In tests of cells of four cell types — uninfected cells and infected cells at the ring, trophozoite and schizont stages — the device detected small differences in measures of magnitude and seemingly random differences in phase, but not quite enough to definitively differentiate among stages.

However, by mathematically combining the measures into an index called delta, the differences between uninfected cells and all three stages became clear. “It’s much more significant,” says corresponding author Ming Dao, a principal research scientist in the Nanomechanics Laboratory. “It’s a more holistic approach. By using all of the information we can measure, we can detect the differentiating signals much more clearly.”

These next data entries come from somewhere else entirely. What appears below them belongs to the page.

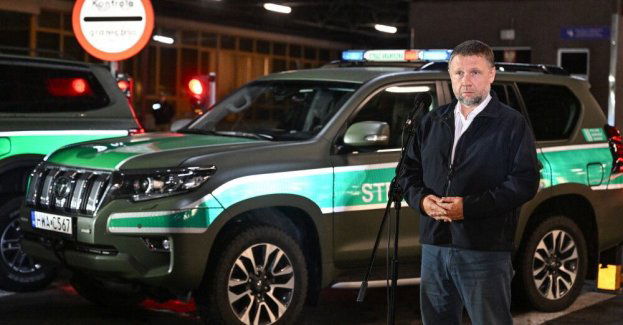 Polska zamknęła do odwołania przejścia graniczne z Białorusią
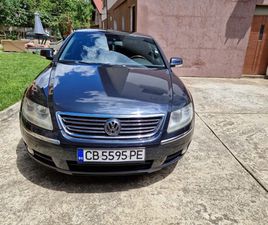 VW PHAETON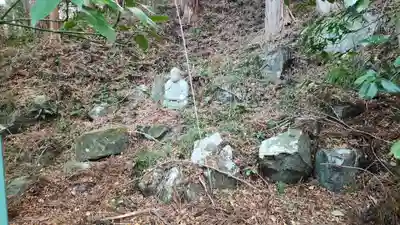 赤井嶽薬師 常福寺の周辺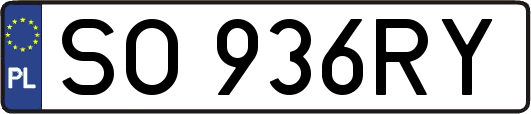 SO936RY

“What’s really cool about this device is that it can actually differentiate between uninfected red blood cells and circulating ring infected red blood cells even though the parasite is still very small at this stage and the host cells have hardly been modified,” says Matthias Marti, an assistant professor of immunology and infectious diseases at the Harvard School of Public Health, who did not participate in the study.

[Researchers from the Nanomechanics Laboratory (the Suresh Lab) from left to right: Research scientist Monica Diez Silva, postdoc Sarah Du and principal research scientist Ming Dao, all of MIT's Department of Materials Science and Engineering. Photo: Patricia Sampson/MIT EECS]Solving real-world problems

Malaria is a curable disease, but diagnosis remains a challenge. This ability to discern the circulating parasite’s stage from a drop of blood opens the possibility of building a device that could be used to rapidly diagnose malarial infection in places where laboratories and skilled medical personnel are scarce.

Traditionally, technicians detect malarial infection visually, by observing blood smears through a microscope. More recently, the World Health Organization has supported the use of rapid diagnostic tests that detect an antigen to the parasite in the blood. These tests provide results in about 15 minutes and do not require skilled technicians, so sick people can be diagnosed and treated on the spot.

But neither of these approaches is very sensitive, Marti says. “For a new device to be meaningful in the field, it would have to be more sensitive than these traditional approaches, as well as cheap and quick.”

The collaborative MIT team of experts in microfluidics, circuit design, materials science and microbiology has designed their new cell-differentiating technology so that it can be packaged as a low-cost device, but more work needs to be done. “We are using our combined expertise to push the technology toward real-world applications,” Dao says. [Photo: Researchers from the Nanomechanics Laboratory (the Suresh Lab in MIT's Department of Materials Science and Engineering) from left to right: Research scientist Monica Diez Silva, postdoc Sarah Du and principal research scientist Ming Dao. Photo: Patricia Sampson/MIT EECS]

Since this new detection method can, for the first time, differentiate among the three major stages of Plasmodium falciparum’s asexual development, Marti sees another potential application: The device may also be able to distinguish cells infected with the parasite at its transmission stage, the stage in which mosquitos can pick it up from humans and transmit it to other humans. “If we could use the device to detect malaria infection and the potential for transmission at the same time, that would make it even more interesting,” Marti says.

The next steps for further development involve integrating this new technology into a small, low-cost package. “Our hope is that such technologies as those described in this work will ultimately help meet the need for a new generation of portable, disposable and inexpensive diagnostics for a variety of human diseases,” Suresh says.

The team is also interested in using the device to investigate the electrical properties of other types of diseased cells to see if electrical impedance changes could be used for diagnostics. 

This work was carried out with the assistance of the Fulbright Science and Technology Award. Device fabrications were carried out at MTL. The work was supported by Singapore’s National Research Foundation through the Singapore-MIT Alliance for Research and Technology (SMART) and by SMART, MIT’s Center for Integrated Circuits and Systems and the National Institutes of Health.